The homogeneous, robust utilities for deploying remote applications that are offered by container-native open source storage applications also save developer time and hassles. High speed analytics at the edge, which are common in telecom applications for either application or traffic heuristics collection, benefit from the same TCO advantages as a datacenter. The manageability paradigm employed for analytics data collection, processing and uplift also simplifies deployment of applications in classically embedded-type equipment and locations.
Making the infrastructure invisible and fast for large scale, broadly dispersed compute needs makes it simpler to provide remote services by requiring less from the deployment teams.
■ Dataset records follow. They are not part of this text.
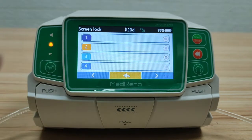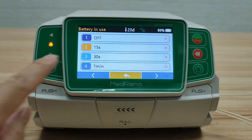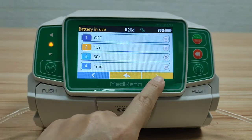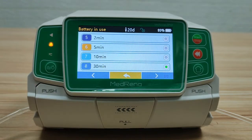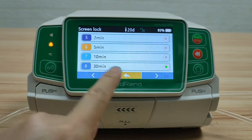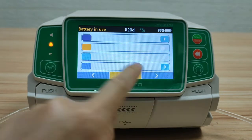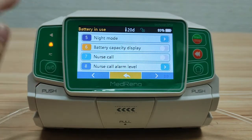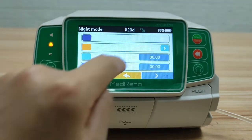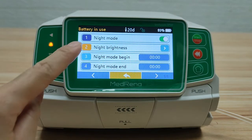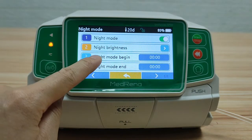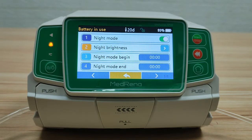Screen lock: choose how long you would like to lock the screen, from 15 seconds to 30 minutes. This is to avoid unintentional or improper operation. Night mode: choose it on or off. When it is on, choose the night brightness and the time set for the night mode.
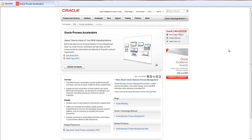Welcome to the Oracle Process Accelerators demo session. If you search Oracle Process Accelerators on the oracle.com website, you'll find this page. What are process accelerators?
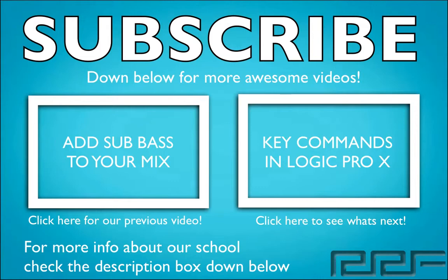With Recording Connection getting finance is a breeze. We have many different tuition options. So getting hooked up at a studio near you is fast and easy. For more information check out www.recordingconnection.com and I'll catch you guys on the next video.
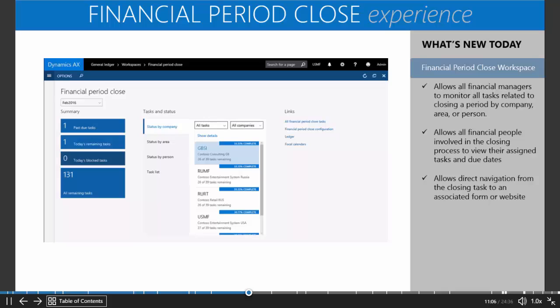We're excited to introduce the period closed workspace. This is going to provide the ability for all the financial managers and financial people within an organization to track all of the activities associated to closing a period. That would be quarter end, month end, or year end.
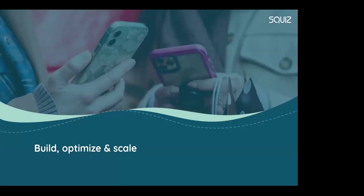Hi, I'm Davila Thompson, a sales engineer from Squiz. Thanks for joining me for Build, Optimize, and Scale.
In telephony use cases, for example, infrastructure specialists can focus on deployment of optimal servers to towers, while telemetry and analytics teams need not become deeply trained in these infrastructures but simply write their applications given a few simplified constraints. Using the same cloud native utilities across all greatly accelerates their ramp time.
The steady march away from large, monolithic storage SANs, to more nimble, flexible and faster storage containers can’t come soon enough for organizations where IoT and edge applications are scaling fast. Abstracting away the IoT complexities to cloud native utilities allows developers to focus on the end functions more, and the idiosyncrasies of the hardware less. With an underpinning of the right newer technologies, developers can build functions on a foundation in which their modern architectures can flourish.